Introduction to Mixed Modeling Procedures


Models with Subjects and Groups

The concept of a subject as a unit of clustering observations in a mixed model has been described in the preceding section. This concept is important for mixed modeling with the GLIMMIX, HPMIXED, MIXED, and NLMIXED procedures. Observations from two subjects are considered uncorrelated in the analysis. Observations from the same subject are potentially correlated, depending on your specification of the covariance structure. Random effects at the subject level always lead to correlation in the marginal distribution of the observations that belong to the subject.

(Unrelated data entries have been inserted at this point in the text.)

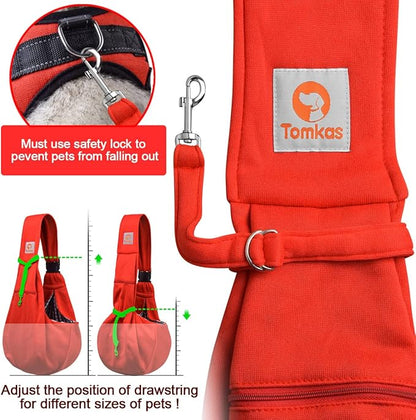 Tomkas Small Dog Sling Carrier - Zipper Pocket & Adjustable Strap & Zip Pocket - for 3-10 lbs Pets (Red)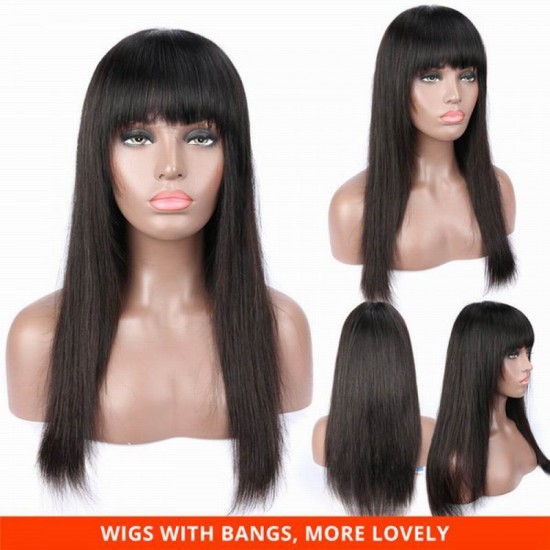 Merula Virgin Human Hair 4x4 Closure Wigs With fringe Bang Natural Straight Silky Hair 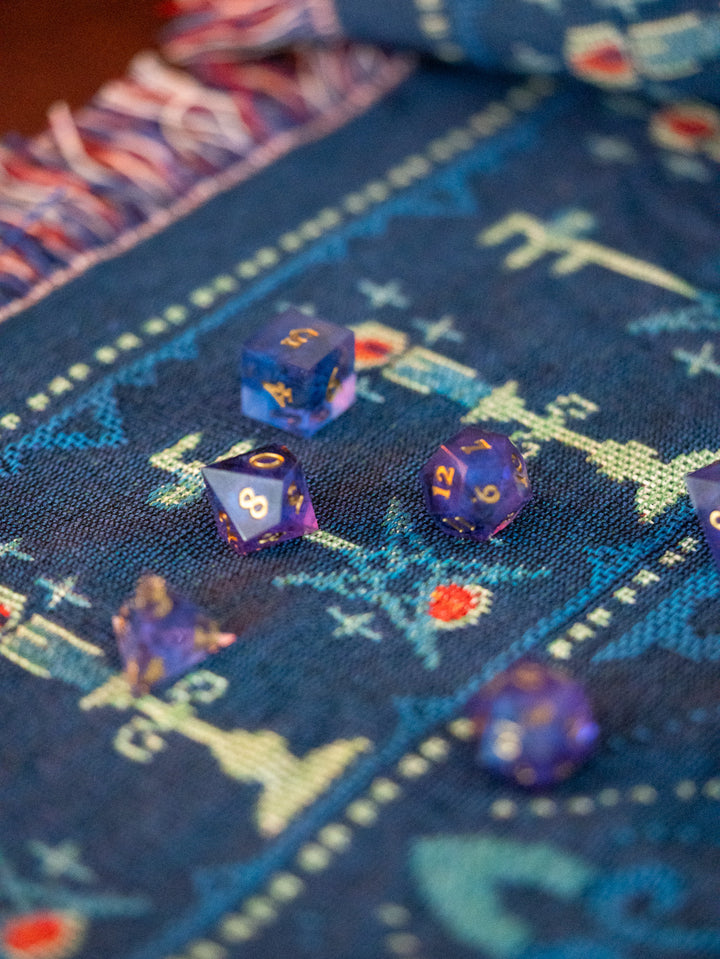 Woven Cotton Tapestry Blanket – Polyhedral Dice Fantasy TTRPG Home Decor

The GLIMMIX, HPMIXED, and MIXED procedures also support the notion of a GROUP= effect in the specification of the covariance structure. Like a subject effect, a G-side group effect identifies independent random effects. In addition to a subject effect, the group effect assumes that the realizations of the random effects correspond to draws from different distributions; in other words, each level of the group effect is associated with a different set of covariance parameters. For example, the following statements in any of these procedures fit a random coefficient model with fixed intercept and slope and subject-specific random intercept and slope:

class id;
model y = x;
random intercept x / subject=id;

The interpretation of the RANDOM statement is that for each ID an independent draw is made from a bivariate normal distribution with zero mean and a diagonal covariance matrix. In the following statements (in any of these procedures) these independent draws come from different bivariate normal distributions depending on the value of the grp variable.

class id grp;
model y = x;
random intercept x / subject=id group=grp;

Adding GROUP= effects in your model increases the flexibility to model heterogeneity in the covariance parameters, but it can add numerical complexity to the estimation process.